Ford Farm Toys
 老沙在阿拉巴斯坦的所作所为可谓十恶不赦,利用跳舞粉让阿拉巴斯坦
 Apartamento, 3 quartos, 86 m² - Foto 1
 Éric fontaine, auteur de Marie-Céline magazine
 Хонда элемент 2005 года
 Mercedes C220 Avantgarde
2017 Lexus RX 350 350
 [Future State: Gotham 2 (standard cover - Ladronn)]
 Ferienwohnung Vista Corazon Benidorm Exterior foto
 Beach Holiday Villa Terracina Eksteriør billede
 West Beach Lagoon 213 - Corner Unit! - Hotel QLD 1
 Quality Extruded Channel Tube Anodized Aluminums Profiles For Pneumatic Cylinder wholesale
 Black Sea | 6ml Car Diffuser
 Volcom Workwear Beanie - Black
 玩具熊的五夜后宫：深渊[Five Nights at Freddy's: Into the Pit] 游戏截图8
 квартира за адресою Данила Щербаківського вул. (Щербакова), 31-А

+-------+

• _WHAT TO PRODUCE_:
After locating the line with "老沙在阿拉巴斯坦的所作所为可谓十恶不赦,利用跳舞粉让阿拉巴斯坦" in the records above, please set down that line and all later ones exactly, and no other line.

• _TASK OUTPUT_:
 老沙在阿拉巴斯坦的所作所为可谓十恶不赦,利用跳舞粉让阿拉巴斯坦
 Apartamento, 3 quartos, 86 m² - Foto 1
 Éric fontaine, auteur de Marie-Céline magazine
 Хонда элемент 2005 года
 Mercedes C220 Avantgarde
2017 Lexus RX 350 350
 [Future State: Gotham 2 (standard cover - Ladronn)]
 Ferienwohnung Vista Corazon Benidorm Exterior foto
 Beach Holiday Villa Terracina Eksteriør billede
 West Beach Lagoon 213 - Corner Unit! - Hotel QLD 1
 Quality Extruded Channel Tube Anodized Aluminums Profiles For Pneumatic Cylinder wholesale
 Black Sea | 6ml Car Diffuser
 Volcom Workwear Beanie - Black
 玩具熊的五夜后宫：深渊[Five Nights at Freddy's: Into the Pit] 游戏截图8
 квартира за адресою Данила Щербаківського вул. (Щербакова), 31-А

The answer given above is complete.